Al adentrarse en el pueblo, Tolfian noto las miradas curiosas sobre él, pocos habitantes llevaban capucha. Por lo cual se mantenía atento a todo lo que sus ojos y oídos podían permitirle ver como escuchar, se encontraba fuera de su territorio; no tenía miedo alguno, más debía estar consciente de su raza elfica. Por otro lado le estaba resultando agradable caminar como cualquier otra persona por las calles de un pueblo humano, uno que era muy bonito, su gente no parecía actuar de forma sospechosa, todo parecía en armonía.

El Valle de las Piedras Quebradas colinda con el noreste al bosque prohibido, cubierto en su mayoría por grandes montañas y bosques repletos de oyameles, robles y encinos, era un valle dotado de belleza. Sus habitantes en su mayoría, eran campesinos dedicados a la siembra de sus tierras, productores de semillas, frutos, alfareros de barro, los mejores panaderos y herreros.
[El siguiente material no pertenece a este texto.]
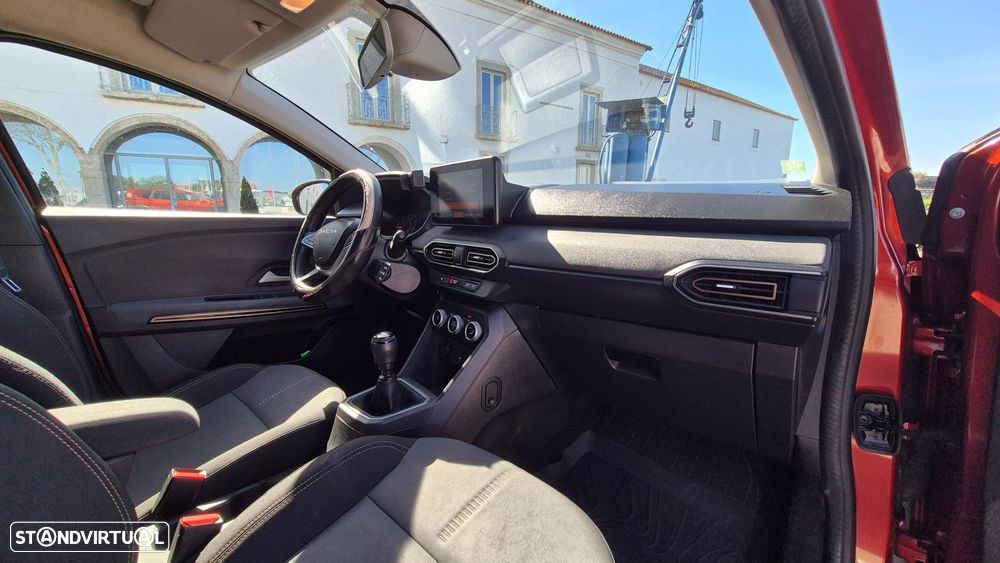 Dacia Jogger 1.0 ECO-G Extreme+ Up&Go 7L Bi-Fuel - 15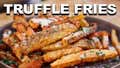 No Hassle Truffle Fries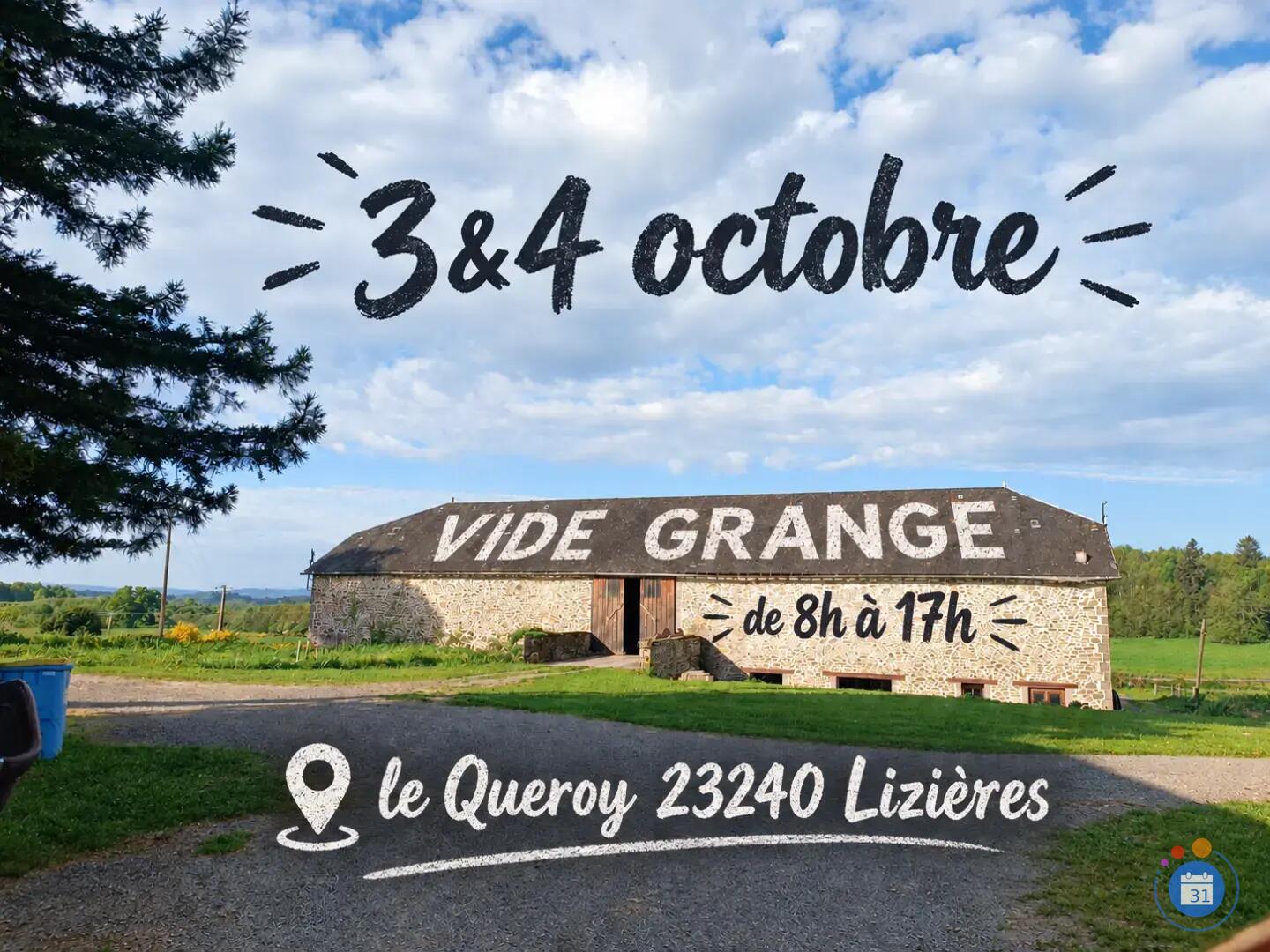 Image Vide grange (photo 1)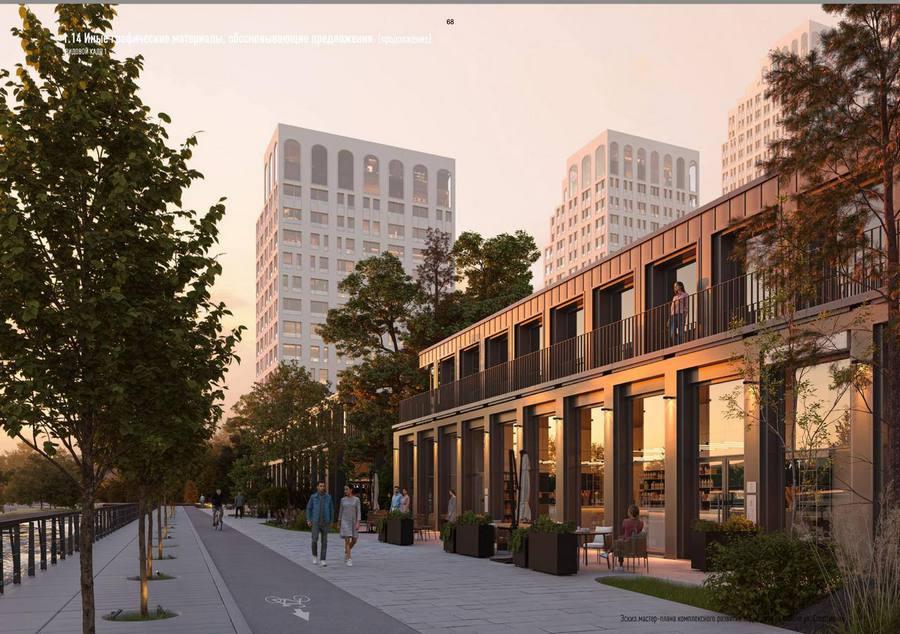 Щербина отменила комплексное развитие «Спортивного рынка»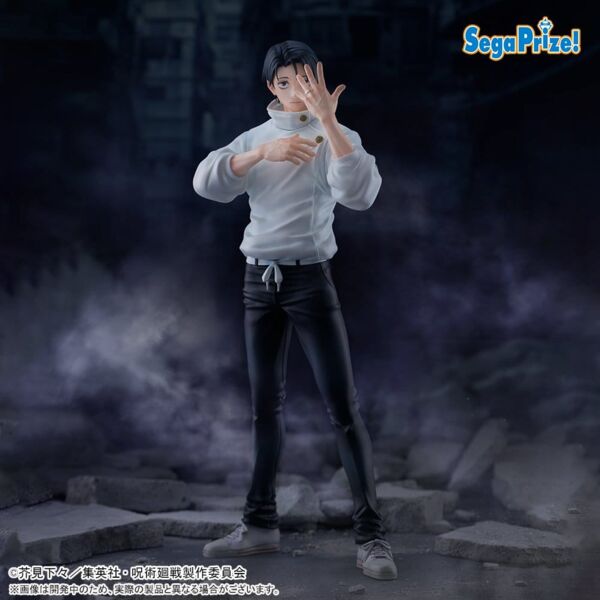 Yuta Okkotsu Figure Jujutsu Kaisen: Culling Game Arc FIGURIZMa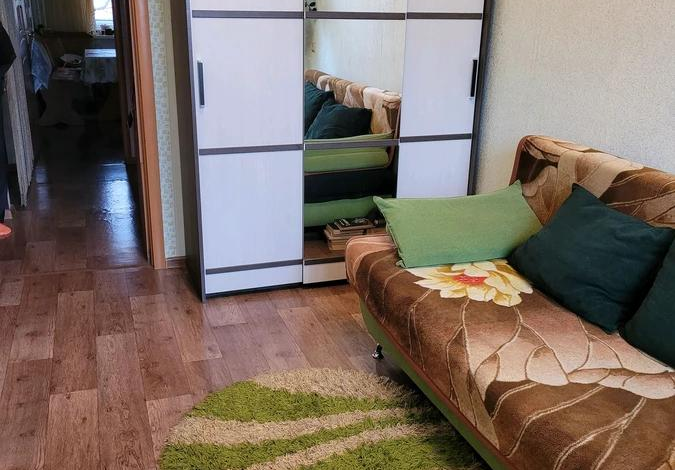 3-комнатная квартира · 68 м² · 4/5 этаж, Аса 15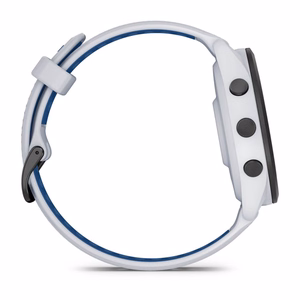 Garmin išmanusis laikrodis Forerunner 265 (010-02810-11) – baltas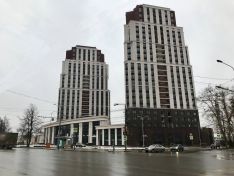 Будут ли строиться новые очереди элитного ЖК «Атлант Сити» на Родионова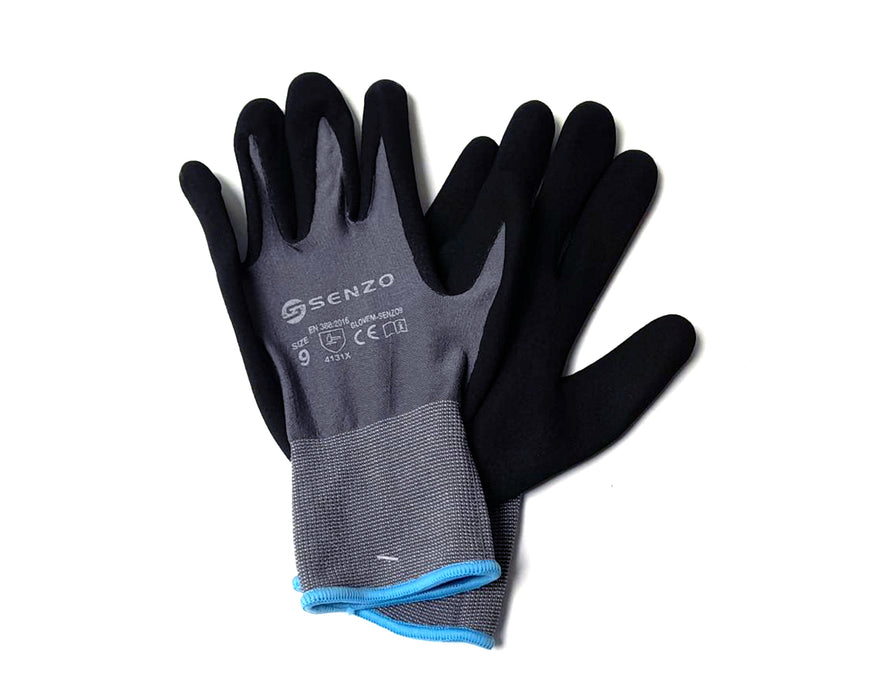 Senzo Mechanics Glove Size 9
Este valle no carecía de suministros, era rico en su propia producción, sus construcciones de vivienda de piedra labrada y madera, dejaba ver tanto las comodidades de algunos, como la modestia de otros. No vivían en la opulencia ni en la miseria, solo había humildad entre sus habitantes. Sus caminos céntricos eran de alabastro, por donde podían fácilmente transitar desde caballos hasta carretas, además de las personas por supuesto. Sus mercados eran extensos en sus principales calles, y la mercancía que allí se vendía, era sumamente exótica y tenía toda clase de procedencias. En pocas palabras no tenían que envidiar nada a la misma capital del reino de Numantia, que llevaba el mismo nombre de toda la nación.